* Task instructions
What is wanted is an exact copy of the lines from the top of the listing through the line containing "Naturia Rosewhip (Duel".

####################

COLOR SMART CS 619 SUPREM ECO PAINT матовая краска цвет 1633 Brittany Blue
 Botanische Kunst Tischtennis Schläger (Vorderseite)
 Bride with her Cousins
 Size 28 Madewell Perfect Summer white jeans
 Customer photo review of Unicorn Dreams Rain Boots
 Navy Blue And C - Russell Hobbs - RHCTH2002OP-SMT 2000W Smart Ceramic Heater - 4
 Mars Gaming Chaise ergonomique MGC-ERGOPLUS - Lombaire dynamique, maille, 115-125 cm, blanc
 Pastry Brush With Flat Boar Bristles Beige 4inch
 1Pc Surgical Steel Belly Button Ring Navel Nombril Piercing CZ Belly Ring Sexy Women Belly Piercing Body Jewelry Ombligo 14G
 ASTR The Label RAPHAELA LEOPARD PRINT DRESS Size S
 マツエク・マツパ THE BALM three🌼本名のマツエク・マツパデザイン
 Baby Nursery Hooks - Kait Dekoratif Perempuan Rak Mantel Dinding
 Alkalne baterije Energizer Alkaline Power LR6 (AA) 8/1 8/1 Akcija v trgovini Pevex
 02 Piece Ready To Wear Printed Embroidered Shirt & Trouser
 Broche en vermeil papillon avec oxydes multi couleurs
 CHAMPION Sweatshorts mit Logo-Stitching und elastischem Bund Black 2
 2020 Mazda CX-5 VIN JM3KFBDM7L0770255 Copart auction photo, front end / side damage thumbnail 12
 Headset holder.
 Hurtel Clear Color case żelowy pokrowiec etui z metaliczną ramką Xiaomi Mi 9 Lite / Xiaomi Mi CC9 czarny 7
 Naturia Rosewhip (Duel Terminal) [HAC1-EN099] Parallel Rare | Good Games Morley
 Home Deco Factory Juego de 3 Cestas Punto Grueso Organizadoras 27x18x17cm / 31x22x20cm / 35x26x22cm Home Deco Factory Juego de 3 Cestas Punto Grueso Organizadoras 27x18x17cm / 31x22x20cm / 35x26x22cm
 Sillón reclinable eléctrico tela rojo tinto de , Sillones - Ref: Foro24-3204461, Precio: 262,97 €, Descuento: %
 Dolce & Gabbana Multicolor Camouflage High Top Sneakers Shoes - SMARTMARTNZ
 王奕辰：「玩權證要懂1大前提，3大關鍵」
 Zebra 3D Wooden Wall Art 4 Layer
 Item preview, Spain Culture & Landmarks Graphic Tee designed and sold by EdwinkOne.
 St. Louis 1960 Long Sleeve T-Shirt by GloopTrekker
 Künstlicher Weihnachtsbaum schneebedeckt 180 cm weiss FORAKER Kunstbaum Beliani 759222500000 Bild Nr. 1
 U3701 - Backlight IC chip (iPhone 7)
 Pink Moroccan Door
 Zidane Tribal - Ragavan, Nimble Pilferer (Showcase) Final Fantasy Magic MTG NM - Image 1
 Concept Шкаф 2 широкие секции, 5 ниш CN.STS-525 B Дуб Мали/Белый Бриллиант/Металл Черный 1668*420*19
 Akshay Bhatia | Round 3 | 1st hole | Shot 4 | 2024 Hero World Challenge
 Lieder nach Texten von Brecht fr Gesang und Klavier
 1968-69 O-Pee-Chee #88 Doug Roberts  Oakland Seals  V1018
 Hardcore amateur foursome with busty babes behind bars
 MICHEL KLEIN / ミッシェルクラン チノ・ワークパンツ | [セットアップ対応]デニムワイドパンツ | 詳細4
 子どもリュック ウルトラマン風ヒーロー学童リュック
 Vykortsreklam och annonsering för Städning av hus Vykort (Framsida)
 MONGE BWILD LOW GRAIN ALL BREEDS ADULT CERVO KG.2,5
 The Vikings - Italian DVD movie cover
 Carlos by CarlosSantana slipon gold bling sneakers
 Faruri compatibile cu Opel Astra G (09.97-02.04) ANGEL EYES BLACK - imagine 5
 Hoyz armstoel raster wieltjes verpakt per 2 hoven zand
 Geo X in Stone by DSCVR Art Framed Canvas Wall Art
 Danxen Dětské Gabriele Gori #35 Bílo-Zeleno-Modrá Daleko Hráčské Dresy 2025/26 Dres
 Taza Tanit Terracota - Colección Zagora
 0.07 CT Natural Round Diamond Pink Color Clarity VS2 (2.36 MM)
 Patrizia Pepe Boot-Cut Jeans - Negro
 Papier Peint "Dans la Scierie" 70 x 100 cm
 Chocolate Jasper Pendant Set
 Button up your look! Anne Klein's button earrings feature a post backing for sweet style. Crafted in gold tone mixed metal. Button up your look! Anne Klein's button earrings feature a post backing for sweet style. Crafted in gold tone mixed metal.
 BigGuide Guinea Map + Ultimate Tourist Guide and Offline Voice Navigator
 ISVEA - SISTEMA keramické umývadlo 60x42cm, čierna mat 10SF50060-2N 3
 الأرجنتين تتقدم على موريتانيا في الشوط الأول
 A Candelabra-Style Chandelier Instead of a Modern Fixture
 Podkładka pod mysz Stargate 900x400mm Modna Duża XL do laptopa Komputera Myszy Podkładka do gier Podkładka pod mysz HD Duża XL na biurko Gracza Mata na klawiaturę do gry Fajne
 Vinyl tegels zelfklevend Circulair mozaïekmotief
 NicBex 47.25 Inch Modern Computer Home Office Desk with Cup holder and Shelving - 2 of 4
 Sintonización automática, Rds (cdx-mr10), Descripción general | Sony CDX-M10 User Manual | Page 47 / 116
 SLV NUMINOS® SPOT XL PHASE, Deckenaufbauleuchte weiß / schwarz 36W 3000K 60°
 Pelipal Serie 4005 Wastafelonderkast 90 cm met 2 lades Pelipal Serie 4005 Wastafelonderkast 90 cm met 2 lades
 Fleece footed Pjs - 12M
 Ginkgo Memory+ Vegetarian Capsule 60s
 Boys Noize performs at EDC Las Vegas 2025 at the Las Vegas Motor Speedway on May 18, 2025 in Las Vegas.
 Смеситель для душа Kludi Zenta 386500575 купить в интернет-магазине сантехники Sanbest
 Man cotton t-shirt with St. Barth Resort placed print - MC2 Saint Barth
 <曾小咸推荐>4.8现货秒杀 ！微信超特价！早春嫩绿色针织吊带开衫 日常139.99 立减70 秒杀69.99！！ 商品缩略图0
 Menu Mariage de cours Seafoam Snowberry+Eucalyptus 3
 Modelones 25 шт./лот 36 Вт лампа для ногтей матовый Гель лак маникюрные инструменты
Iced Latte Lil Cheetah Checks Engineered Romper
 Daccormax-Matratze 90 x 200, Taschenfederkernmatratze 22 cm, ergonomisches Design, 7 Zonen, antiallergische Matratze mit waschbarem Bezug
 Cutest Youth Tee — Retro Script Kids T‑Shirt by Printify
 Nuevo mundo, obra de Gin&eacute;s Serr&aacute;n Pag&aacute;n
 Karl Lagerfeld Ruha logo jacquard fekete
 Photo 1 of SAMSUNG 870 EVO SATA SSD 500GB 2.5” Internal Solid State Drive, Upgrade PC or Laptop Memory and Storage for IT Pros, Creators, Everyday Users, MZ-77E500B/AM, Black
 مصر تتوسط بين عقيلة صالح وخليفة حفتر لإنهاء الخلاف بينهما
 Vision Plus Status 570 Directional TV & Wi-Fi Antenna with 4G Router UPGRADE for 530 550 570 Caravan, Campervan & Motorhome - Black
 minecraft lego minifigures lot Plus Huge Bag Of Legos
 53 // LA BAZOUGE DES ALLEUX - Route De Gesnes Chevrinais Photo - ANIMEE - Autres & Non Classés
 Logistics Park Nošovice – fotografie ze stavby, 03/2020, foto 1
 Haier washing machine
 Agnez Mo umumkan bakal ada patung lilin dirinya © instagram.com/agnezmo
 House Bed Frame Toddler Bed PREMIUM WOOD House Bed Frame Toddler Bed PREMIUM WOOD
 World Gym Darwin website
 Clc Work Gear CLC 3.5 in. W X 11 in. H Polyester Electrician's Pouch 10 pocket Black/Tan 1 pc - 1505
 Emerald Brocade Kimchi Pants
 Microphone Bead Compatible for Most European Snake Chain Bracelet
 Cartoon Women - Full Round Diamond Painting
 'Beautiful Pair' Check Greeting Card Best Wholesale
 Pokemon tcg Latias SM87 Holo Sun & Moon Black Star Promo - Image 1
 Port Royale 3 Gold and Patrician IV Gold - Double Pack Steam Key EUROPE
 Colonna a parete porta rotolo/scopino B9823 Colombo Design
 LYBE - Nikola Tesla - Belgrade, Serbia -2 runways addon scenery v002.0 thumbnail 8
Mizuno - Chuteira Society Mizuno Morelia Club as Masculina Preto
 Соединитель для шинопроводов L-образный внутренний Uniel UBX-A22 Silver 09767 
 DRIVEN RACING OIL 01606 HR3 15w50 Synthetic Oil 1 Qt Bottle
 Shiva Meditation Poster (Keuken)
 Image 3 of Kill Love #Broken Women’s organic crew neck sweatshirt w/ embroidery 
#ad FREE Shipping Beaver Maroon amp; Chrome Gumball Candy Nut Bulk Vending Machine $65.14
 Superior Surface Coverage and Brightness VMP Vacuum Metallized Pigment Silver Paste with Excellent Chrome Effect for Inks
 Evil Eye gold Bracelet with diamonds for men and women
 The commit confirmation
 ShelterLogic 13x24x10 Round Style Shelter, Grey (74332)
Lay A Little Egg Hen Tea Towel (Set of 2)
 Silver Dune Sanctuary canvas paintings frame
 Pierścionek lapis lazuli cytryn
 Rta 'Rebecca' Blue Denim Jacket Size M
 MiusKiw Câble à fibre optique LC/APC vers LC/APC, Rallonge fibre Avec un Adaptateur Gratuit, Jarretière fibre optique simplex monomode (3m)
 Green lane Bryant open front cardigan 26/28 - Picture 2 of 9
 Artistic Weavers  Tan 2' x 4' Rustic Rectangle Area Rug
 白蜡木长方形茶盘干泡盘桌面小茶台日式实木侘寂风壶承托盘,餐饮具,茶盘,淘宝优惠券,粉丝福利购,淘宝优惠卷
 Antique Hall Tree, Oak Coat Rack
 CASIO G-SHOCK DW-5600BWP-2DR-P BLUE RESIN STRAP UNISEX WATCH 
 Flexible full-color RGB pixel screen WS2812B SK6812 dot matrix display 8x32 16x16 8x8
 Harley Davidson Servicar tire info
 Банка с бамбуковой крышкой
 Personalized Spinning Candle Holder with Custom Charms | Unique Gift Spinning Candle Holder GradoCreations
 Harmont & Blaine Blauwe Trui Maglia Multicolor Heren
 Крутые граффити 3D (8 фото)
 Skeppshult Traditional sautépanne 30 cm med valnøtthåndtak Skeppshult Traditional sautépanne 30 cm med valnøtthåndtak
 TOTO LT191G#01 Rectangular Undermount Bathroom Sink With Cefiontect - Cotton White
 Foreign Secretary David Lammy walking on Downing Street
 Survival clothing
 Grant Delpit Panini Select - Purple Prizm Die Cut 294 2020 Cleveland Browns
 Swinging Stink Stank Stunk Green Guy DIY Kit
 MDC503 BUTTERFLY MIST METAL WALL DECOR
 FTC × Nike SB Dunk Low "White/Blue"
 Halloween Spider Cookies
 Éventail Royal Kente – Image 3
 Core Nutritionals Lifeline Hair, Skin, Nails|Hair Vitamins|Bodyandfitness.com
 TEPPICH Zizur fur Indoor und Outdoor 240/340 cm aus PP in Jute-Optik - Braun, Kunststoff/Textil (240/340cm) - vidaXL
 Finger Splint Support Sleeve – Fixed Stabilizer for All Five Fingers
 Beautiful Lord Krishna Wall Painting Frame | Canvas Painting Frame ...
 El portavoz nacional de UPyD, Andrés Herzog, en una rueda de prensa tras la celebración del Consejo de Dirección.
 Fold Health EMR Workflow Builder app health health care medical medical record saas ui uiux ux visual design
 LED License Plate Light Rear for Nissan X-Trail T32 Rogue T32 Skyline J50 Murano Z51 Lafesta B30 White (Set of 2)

####################

* Expected answer
COLOR SMART CS 619 SUPREM ECO PAINT матовая краска цвет 1633 Brittany Blue
 Botanische Kunst Tischtennis Schläger (Vorderseite)
 Bride with her Cousins
 Size 28 Madewell Perfect Summer white jeans
 Customer photo review of Unicorn Dreams Rain Boots
 Navy Blue And C - Russell Hobbs - RHCTH2002OP-SMT 2000W Smart Ceramic Heater - 4
 Mars Gaming Chaise ergonomique MGC-ERGOPLUS - Lombaire dynamique, maille, 115-125 cm, blanc
 Pastry Brush With Flat Boar Bristles Beige 4inch
 1Pc Surgical Steel Belly Button Ring Navel Nombril Piercing CZ Belly Ring Sexy Women Belly Piercing Body Jewelry Ombligo 14G
 ASTR The Label RAPHAELA LEOPARD PRINT DRESS Size S
 マツエク・マツパ THE BALM three🌼本名のマツエク・マツパデザイン
 Baby Nursery Hooks - Kait Dekoratif Perempuan Rak Mantel Dinding
 Alkalne baterije Energizer Alkaline Power LR6 (AA) 8/1 8/1 Akcija v trgovini Pevex
 02 Piece Ready To Wear Printed Embroidered Shirt & Trouser
 Broche en vermeil papillon avec oxydes multi couleurs
 CHAMPION Sweatshorts mit Logo-Stitching und elastischem Bund Black 2
 2020 Mazda CX-5 VIN JM3KFBDM7L0770255 Copart auction photo, front end / side damage thumbnail 12
 Headset holder.
 Hurtel Clear Color case żelowy pokrowiec etui z metaliczną ramką Xiaomi Mi 9 Lite / Xiaomi Mi CC9 czarny 7
 Naturia Rosewhip (Duel Terminal) [HAC1-EN099] Parallel Rare | Good Games Morley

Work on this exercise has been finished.